[[ Data to examine open ]]
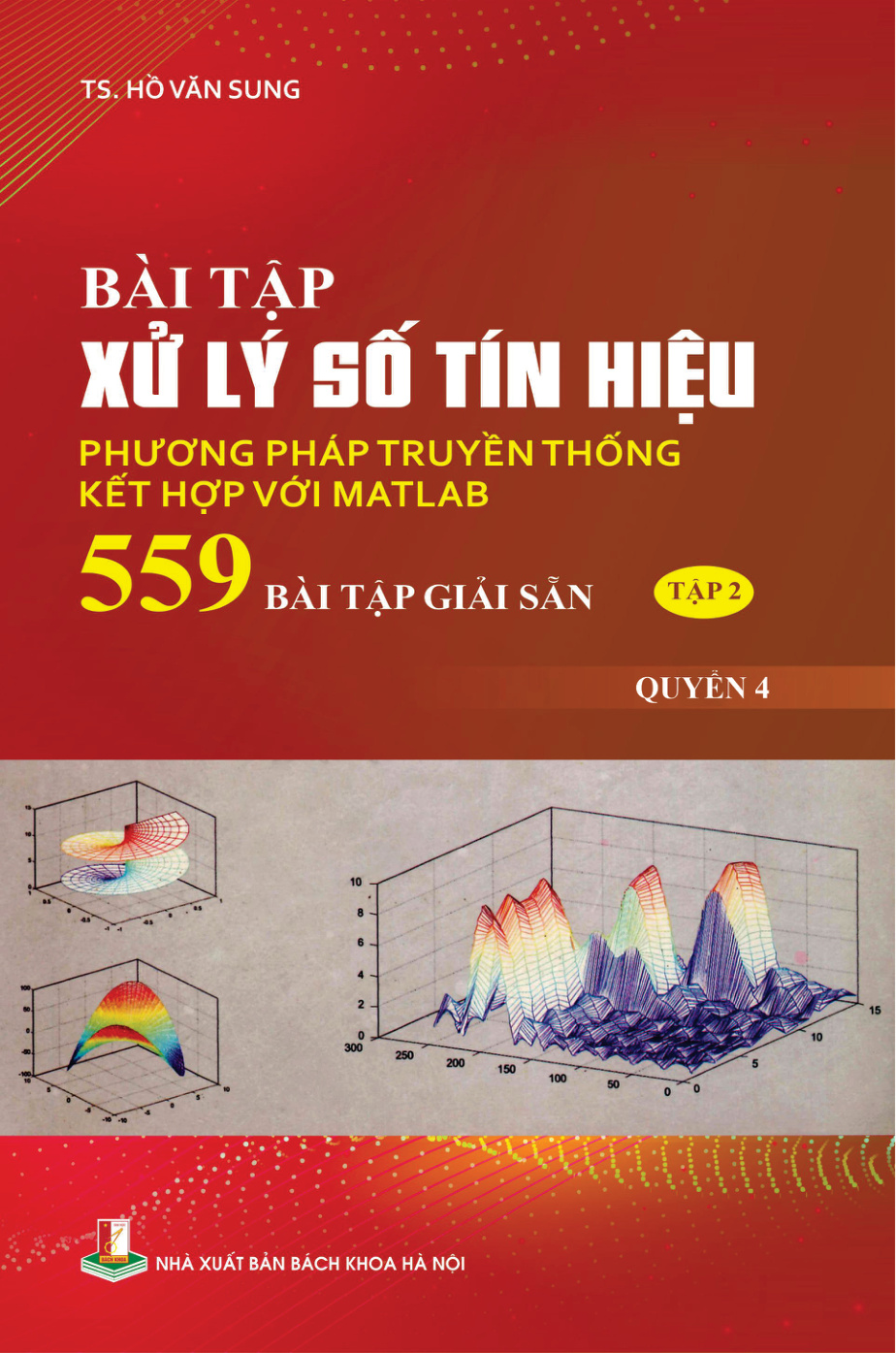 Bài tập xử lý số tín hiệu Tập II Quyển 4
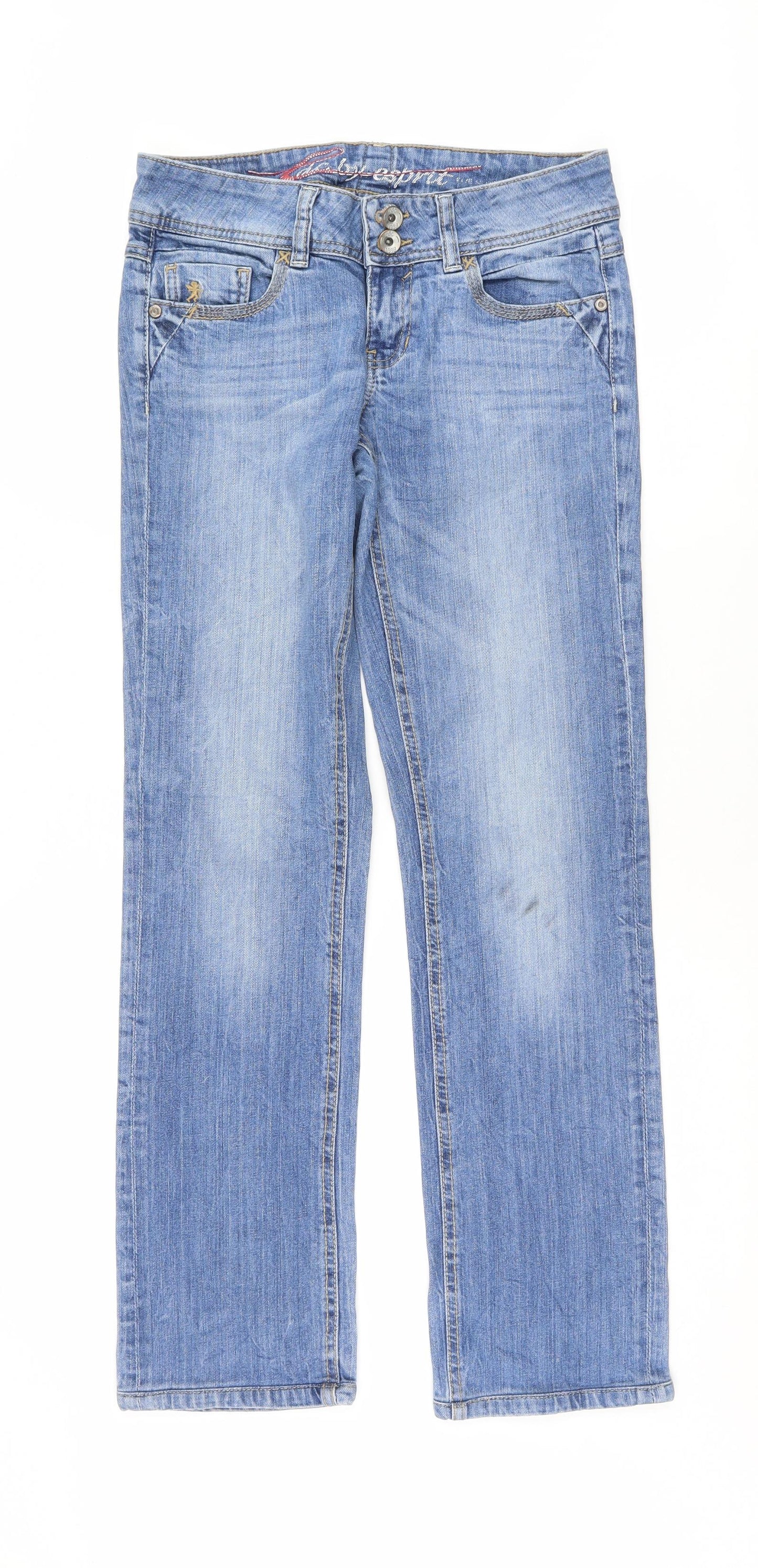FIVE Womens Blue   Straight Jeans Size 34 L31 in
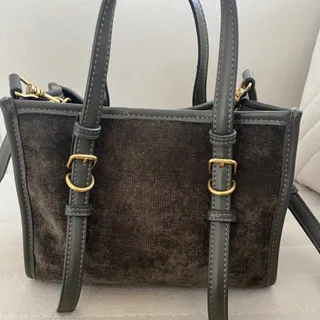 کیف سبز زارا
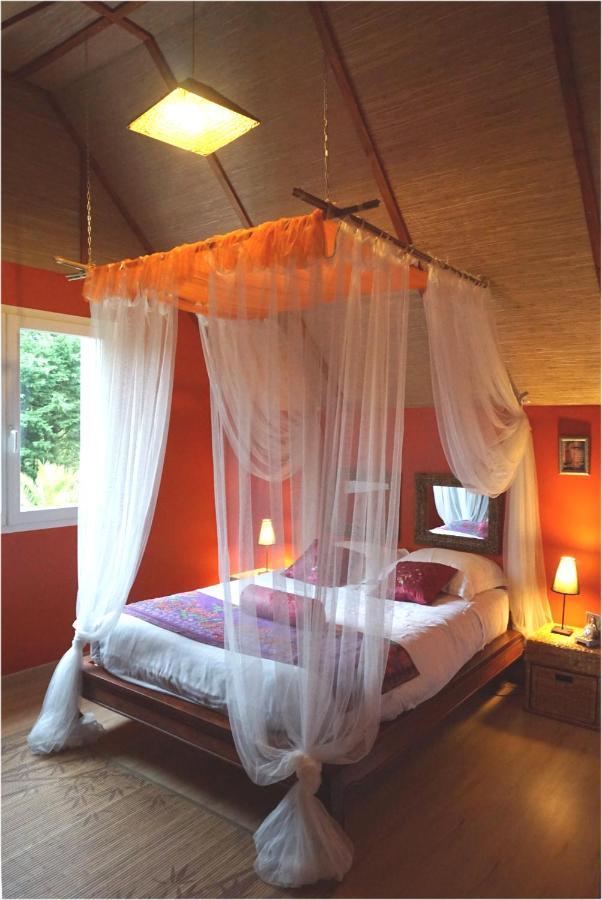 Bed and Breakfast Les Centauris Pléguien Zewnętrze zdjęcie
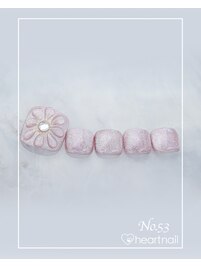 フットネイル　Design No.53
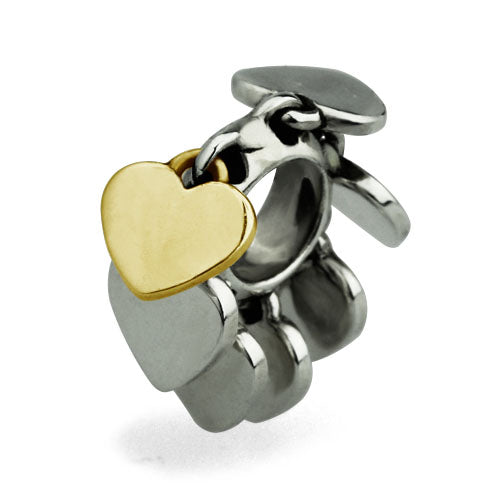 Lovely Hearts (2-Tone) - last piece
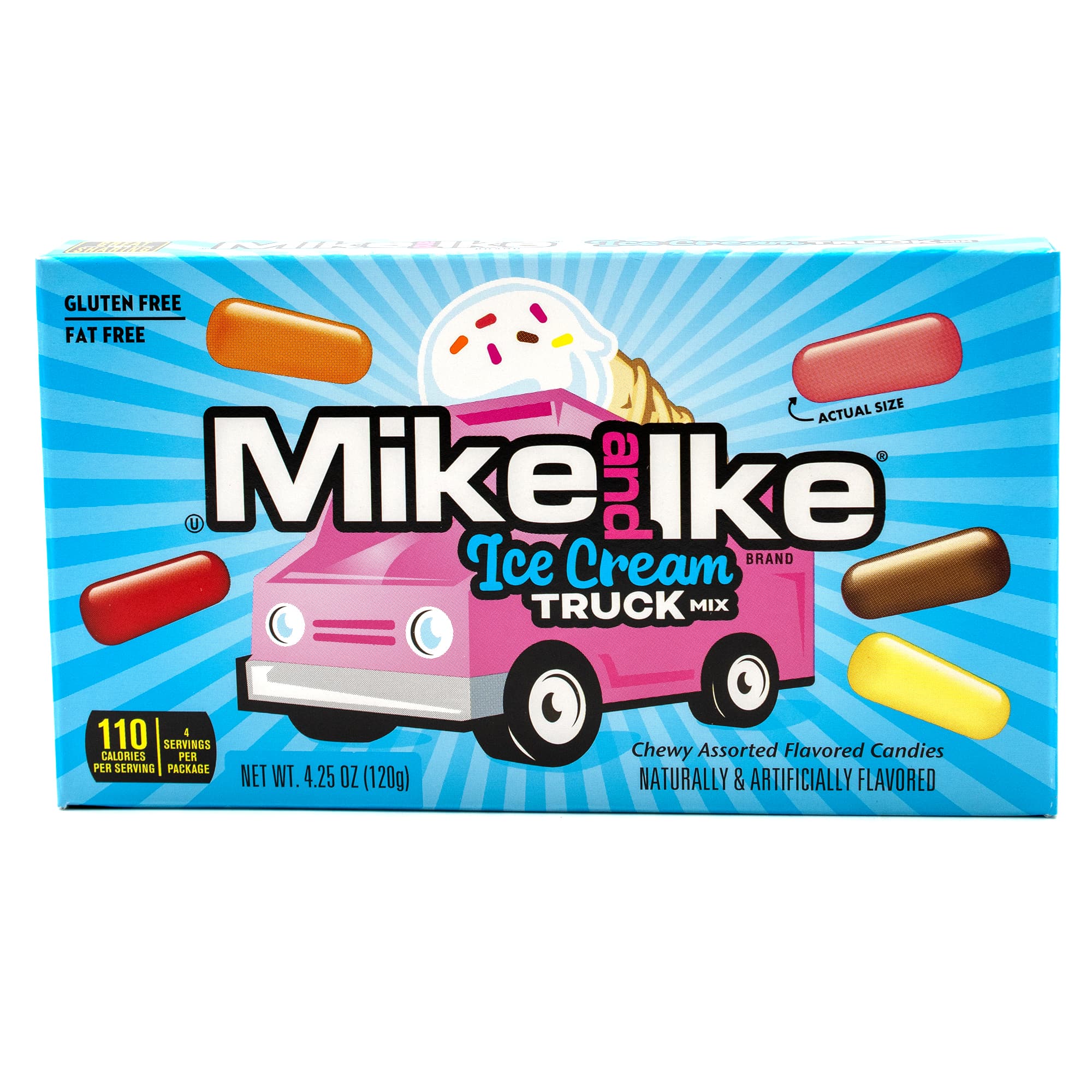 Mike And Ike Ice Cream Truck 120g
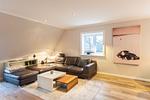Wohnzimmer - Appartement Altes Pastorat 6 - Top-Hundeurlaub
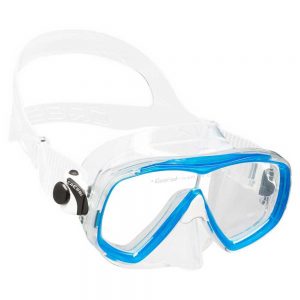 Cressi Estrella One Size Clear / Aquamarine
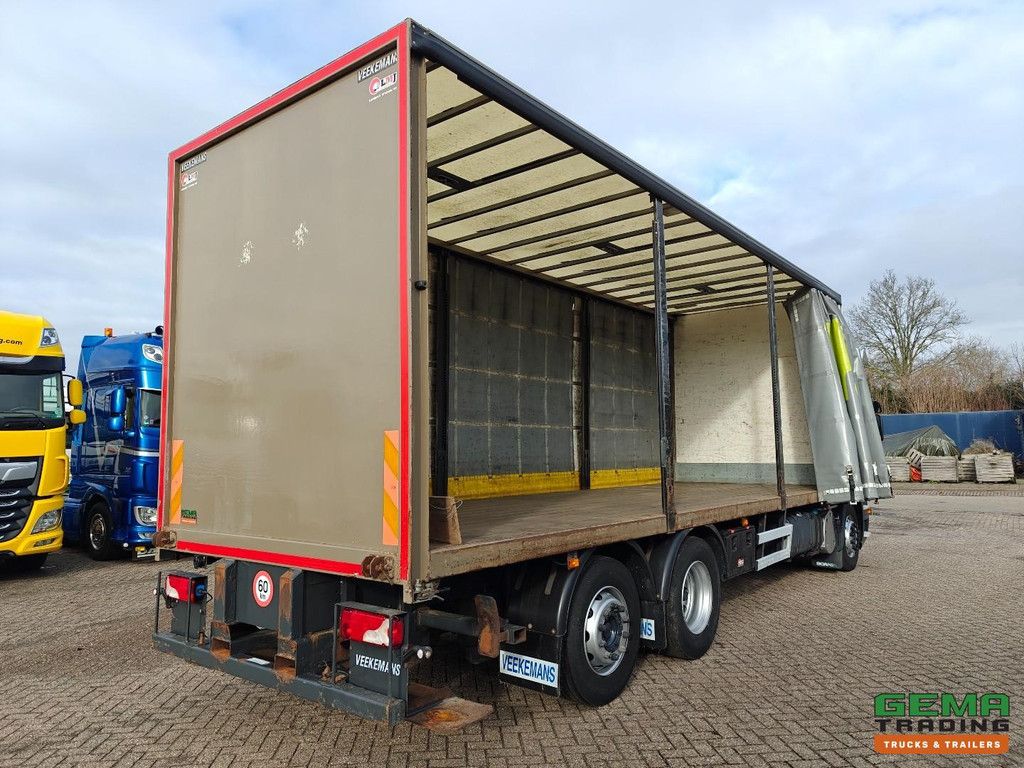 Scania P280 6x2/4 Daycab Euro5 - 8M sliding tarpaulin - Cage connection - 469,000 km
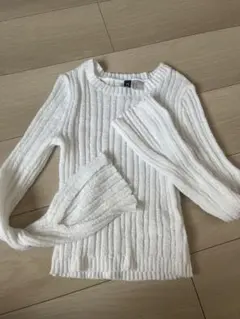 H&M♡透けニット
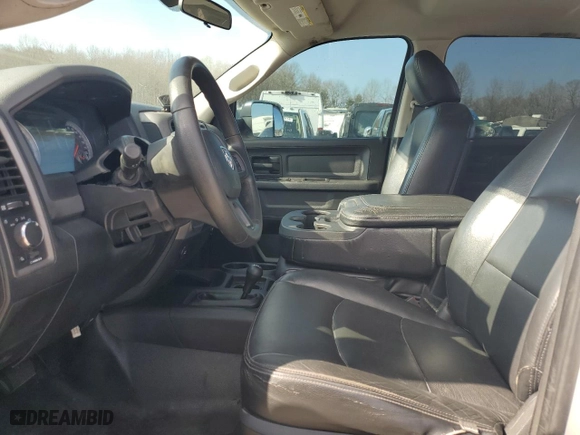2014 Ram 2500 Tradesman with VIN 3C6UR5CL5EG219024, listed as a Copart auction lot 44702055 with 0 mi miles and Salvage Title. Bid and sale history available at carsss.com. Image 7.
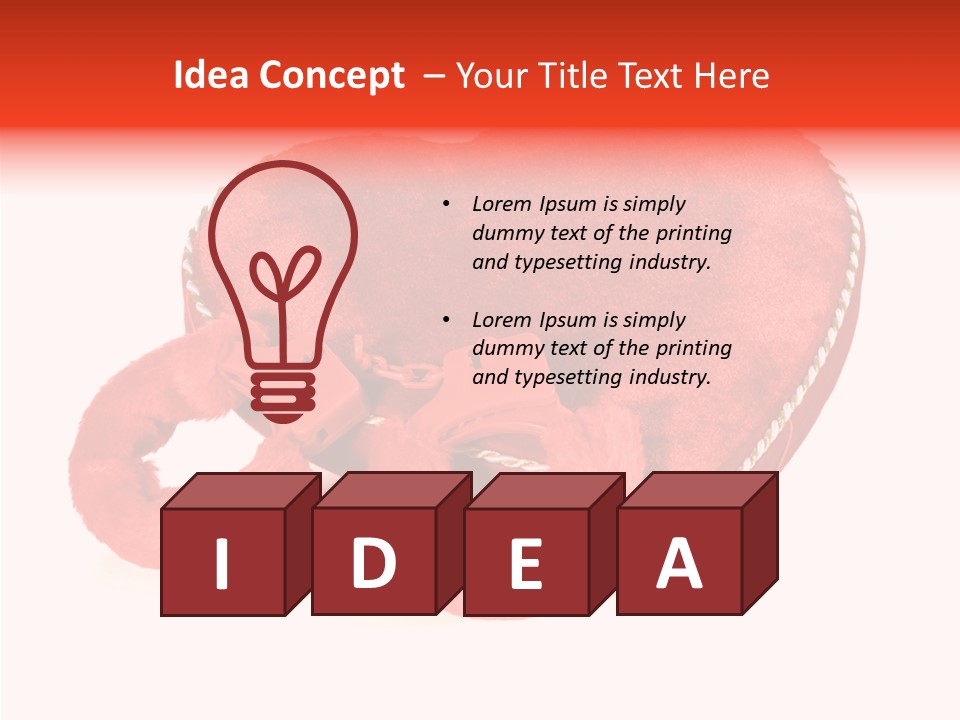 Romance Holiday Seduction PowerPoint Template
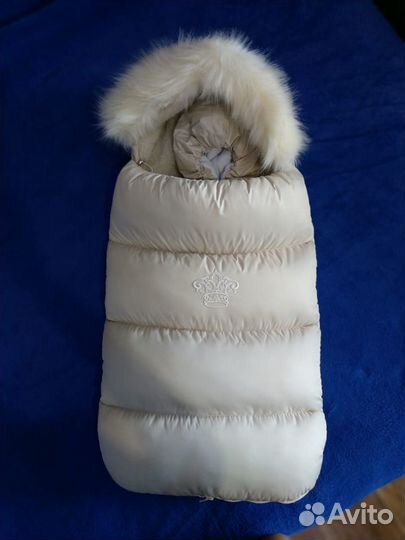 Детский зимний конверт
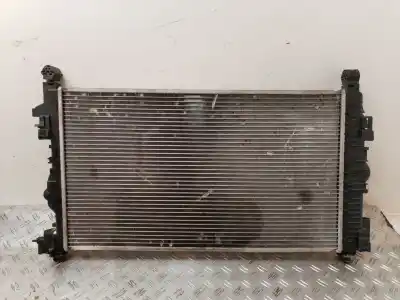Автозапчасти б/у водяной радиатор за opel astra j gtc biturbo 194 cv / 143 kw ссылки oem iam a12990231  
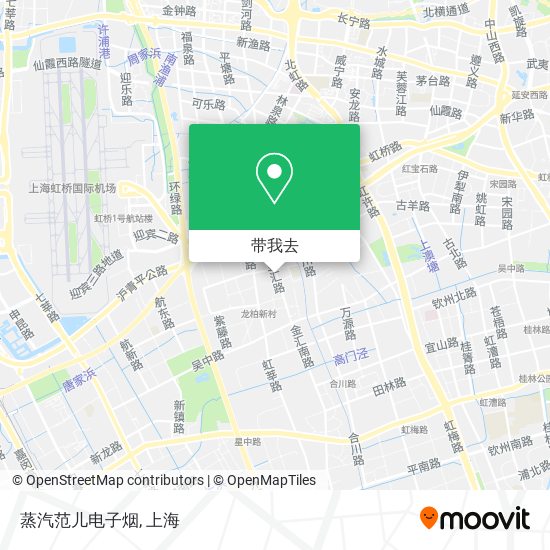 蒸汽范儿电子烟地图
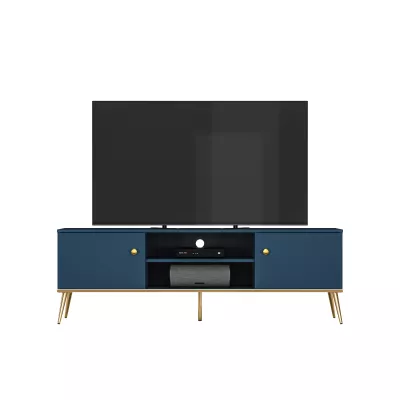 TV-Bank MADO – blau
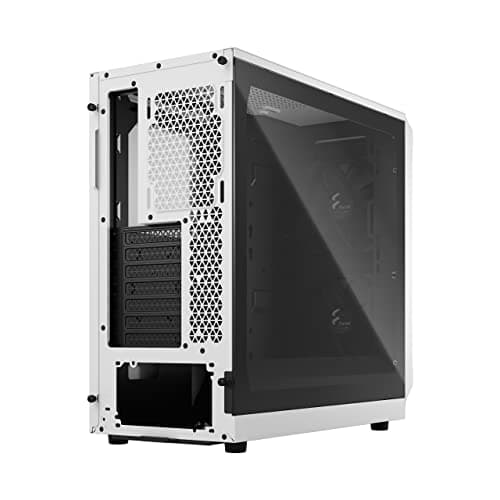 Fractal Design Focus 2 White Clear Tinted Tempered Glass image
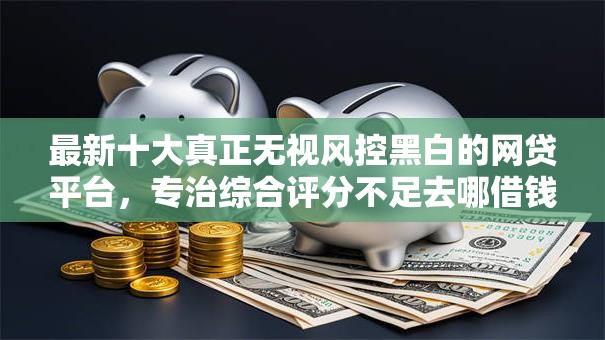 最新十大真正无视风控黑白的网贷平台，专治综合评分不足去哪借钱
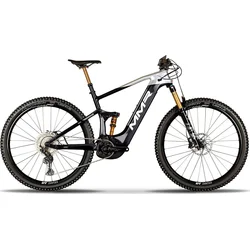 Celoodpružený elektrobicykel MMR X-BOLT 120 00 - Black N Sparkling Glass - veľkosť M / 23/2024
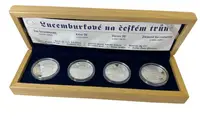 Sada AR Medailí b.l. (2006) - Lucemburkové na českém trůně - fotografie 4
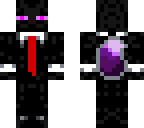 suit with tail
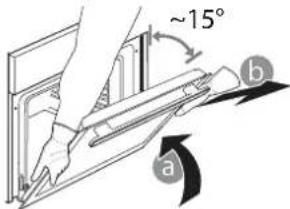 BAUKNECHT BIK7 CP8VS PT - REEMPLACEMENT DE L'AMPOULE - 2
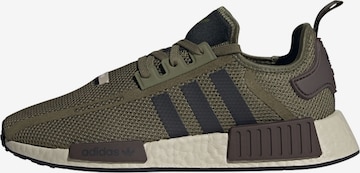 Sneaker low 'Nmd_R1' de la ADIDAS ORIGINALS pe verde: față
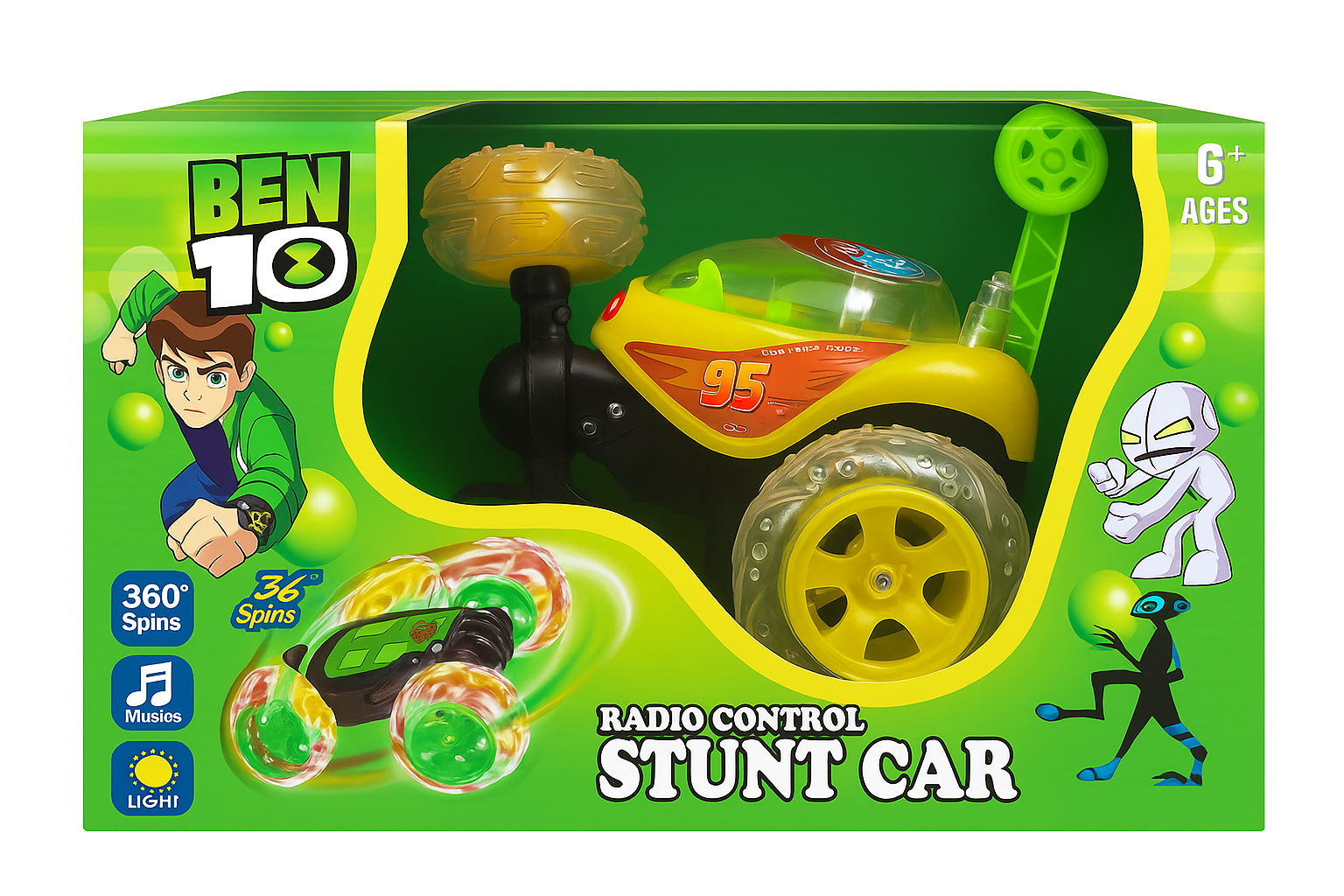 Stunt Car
[[ Data to examine closed ]]
→ **Action item**:
Quote the preceding records in their entirety, excluding every picture.

→ **Written solution**:
 Bài tập xử lý số tín hiệu Tập II Quyển 4
FIVE Womens Blue   Straight Jeans Size 34 L31 in
 کیف سبز زارا
 Bed and Breakfast Les Centauris Pléguien Zewnętrze zdjęcie
 フットネイル　Design No.53
 Lovely Hearts (2-Tone) - last piece
 Mike And Ike Ice Cream Truck 120g
Wohnzimmer - Appartement Altes Pastorat 6 - Top-Hundeurlaub
 Cressi Estrella One Size Clear / Aquamarine
 Scania P280 6x2/4 Daycab Euro5 - 8M sliding tarpaulin - Cage connection - 469,000 km
 H&M♡透けニット
2014 Ram 2500 Tradesman with VIN 3C6UR5CL5EG219024, listed as a Copart auction lot 44702055 with 0 mi miles and Salvage Title. Bid and sale history available at carsss.com. Image 7.
 Romance Holiday Seduction PowerPoint Template
 Детский зимний конверт
Автозапчасти б/у водяной радиатор за opel astra j gtc biturbo 194 cv / 143 kw ссылки oem iam a12990231  
 蒸汽范儿电子烟地图
 TV-Bank MADO – blau
 Fractal Design Focus 2 White Clear Tinted Tempered Glass image
 最新十大真正无视风控黑白的网贷平台，专治综合评分不足去哪借钱
 Celoodpružený elektrobicykel MMR X-BOLT 120 00 - Black N Sparkling Glass - veľkosť M / 23/2024
 Sada AR Medailí b.l. (2006) - Lucemburkové na českém trůně - fotografie 4
 suit with tail
 BAUKNECHT BIK7 CP8VS PT - REEMPLACEMENT DE L'AMPOULE - 2
 Sneaker low 'Nmd_R1' de la ADIDAS ORIGINALS pe verde: față
 Stunt Car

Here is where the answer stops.